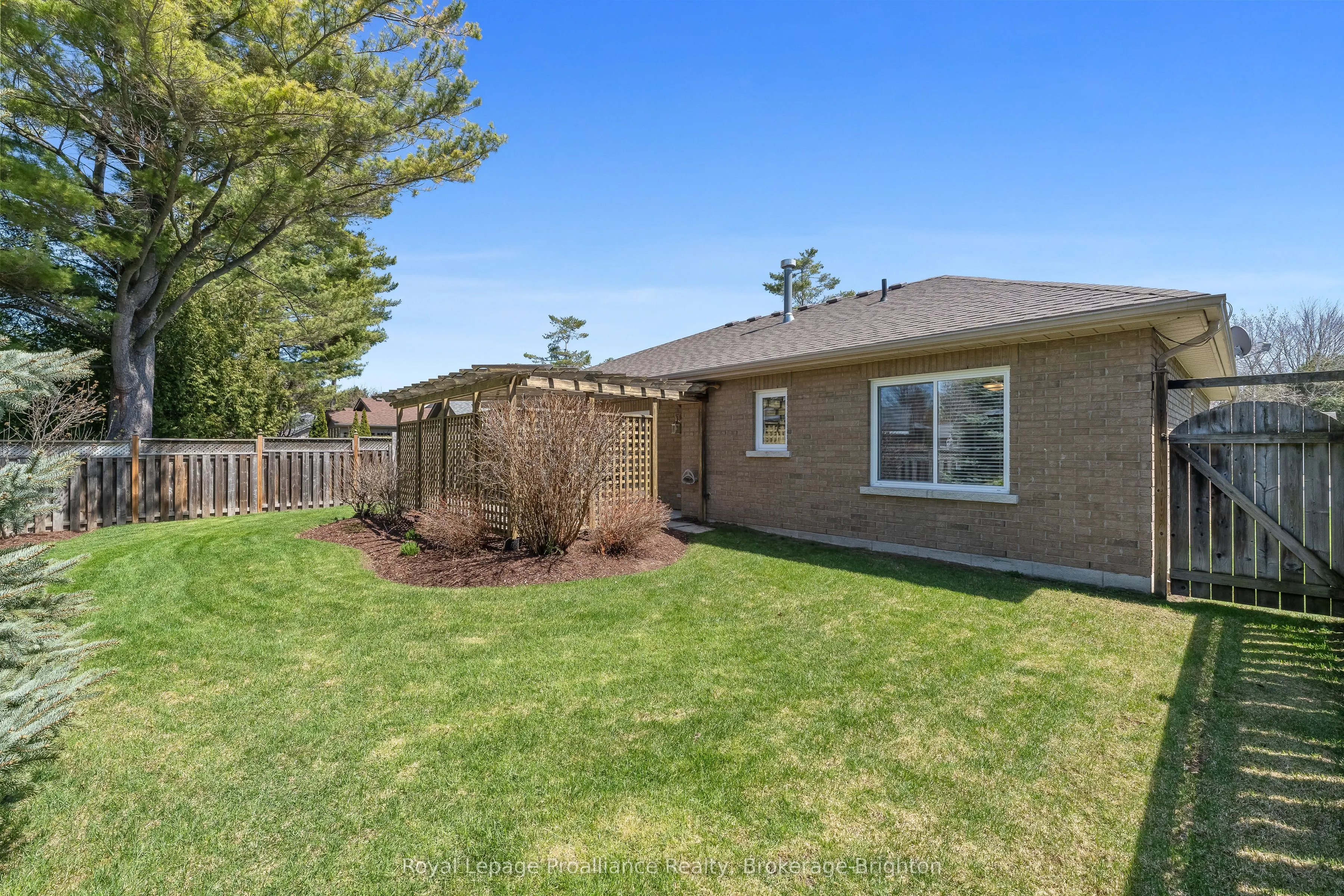 4 Birch Court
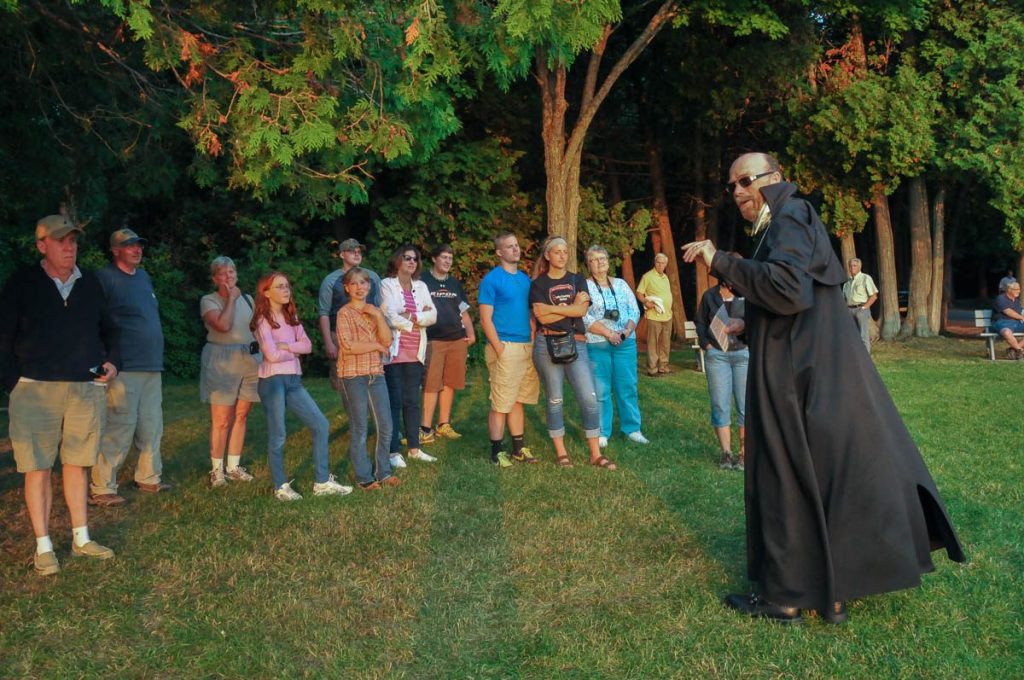 9 spooky Wisconsin ghost tours that will give you goosebumps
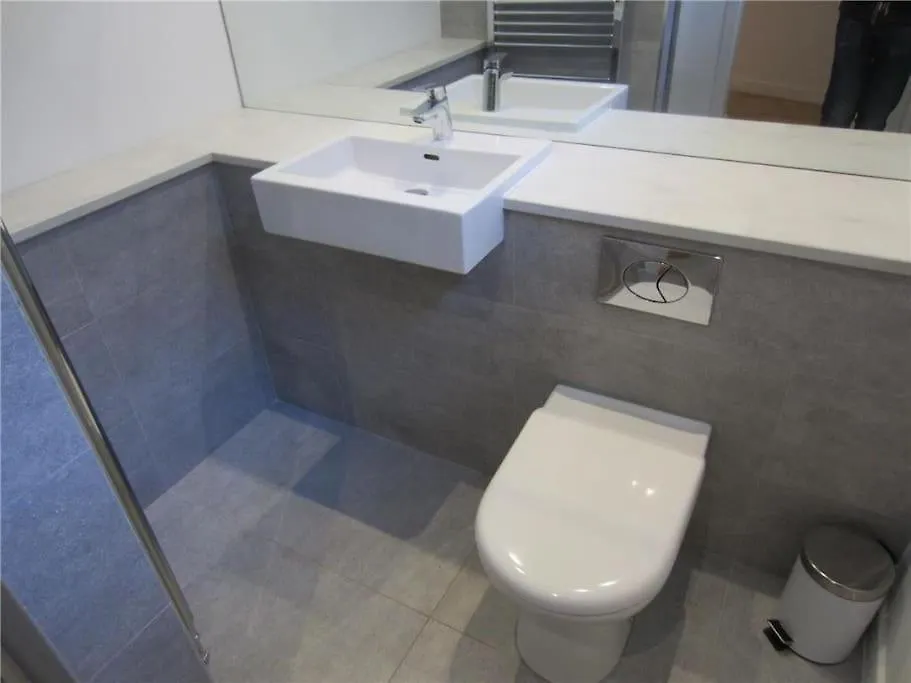 Stylish City Apartment Edinburgh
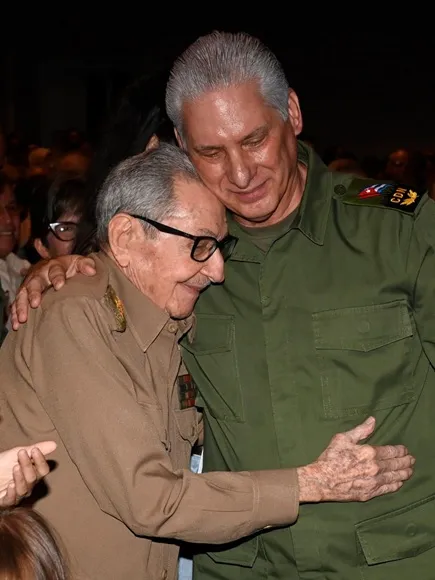 ¡Raúl es Cuba, y a Cuba no se toca! (+ Fotos y Video)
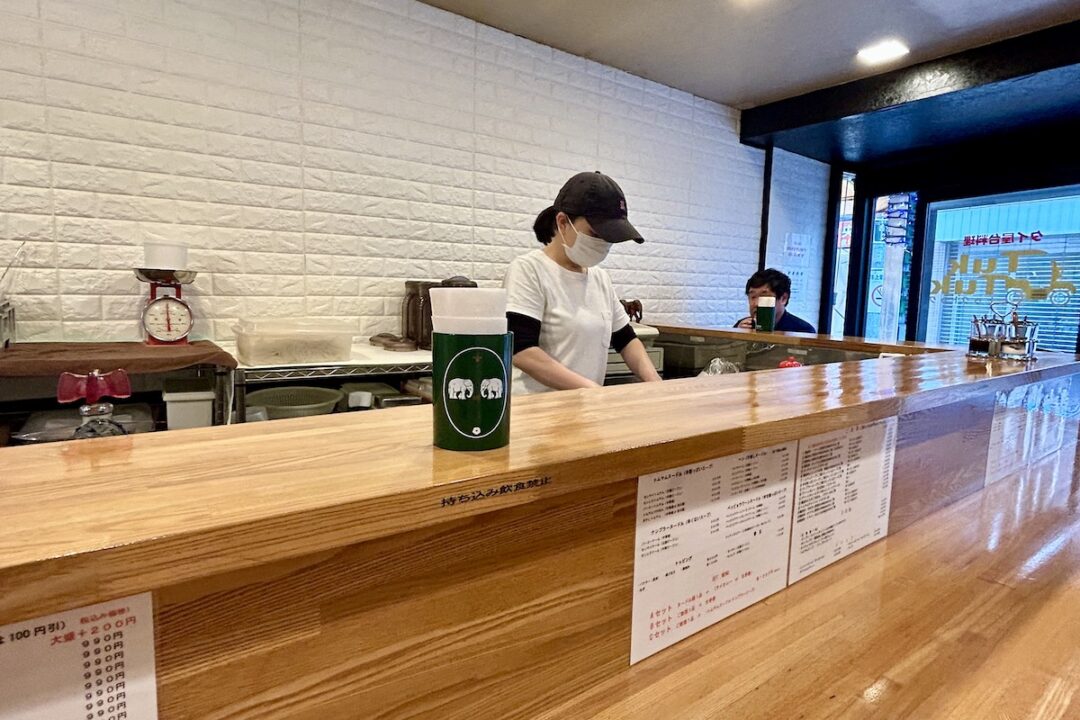 タイ屋台料理ヌードル＆ライス TUKTUKの内観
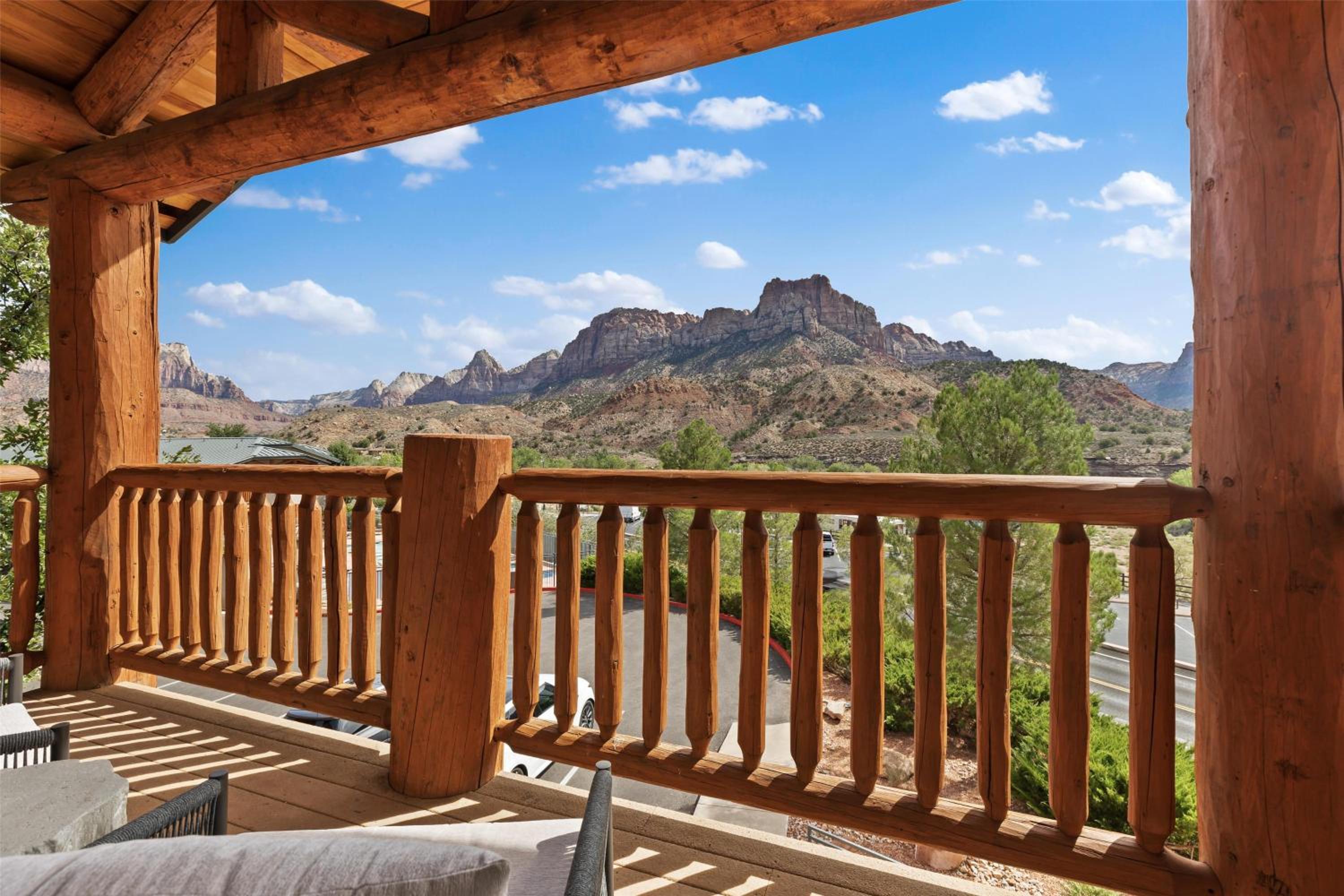 One-Bedroom King Suite - Photo 7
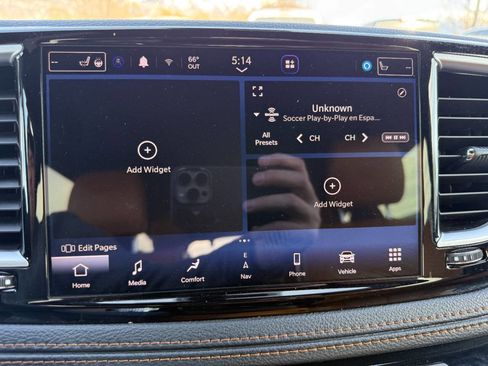 Used 2023 Chrysler Pacifica Pinnacle image 41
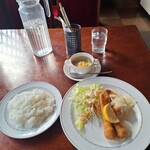 332242467 - マリネランチライス大盛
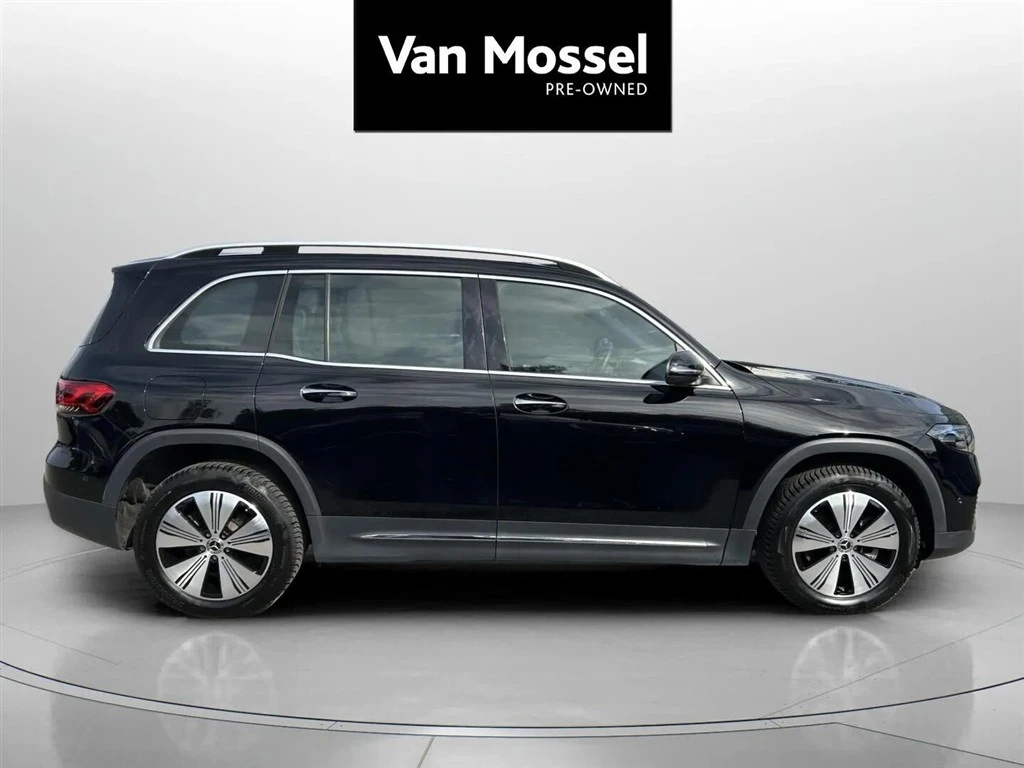 Mercedes-Benz-EQB-image-3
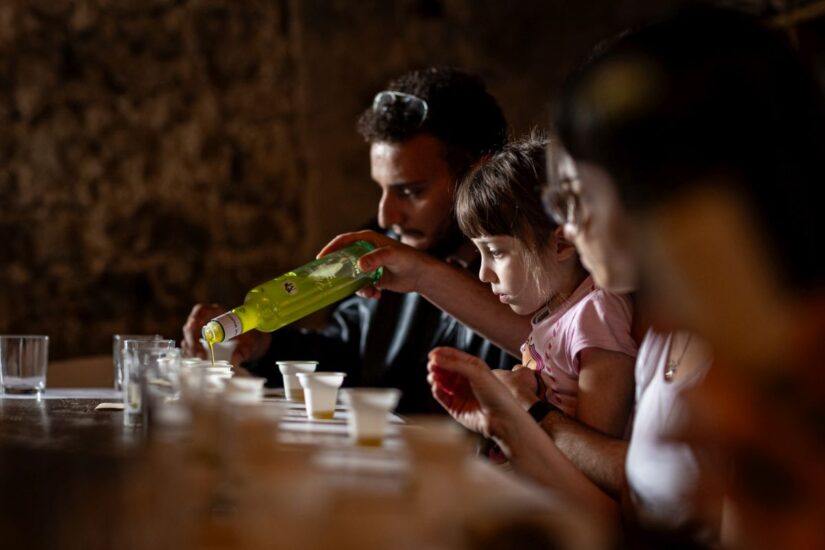 L’olio “novo”? Si assaggia nei “Frantoi Aperti” in Umbria, evento-simbolo dell’oleoturismo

▸ PROBLEM DESCRIPTION
Your copy should hold exactly the lines from the line containing "Mercedes-Benz-EQB-image-3" through the last line of the listing above, both included, and no pictures.

▸ RESULT
 Mercedes-Benz-EQB-image-3
 L’olio “novo”? Si assaggia nei “Frantoi Aperti” in Umbria, evento-simbolo dell’oleoturismo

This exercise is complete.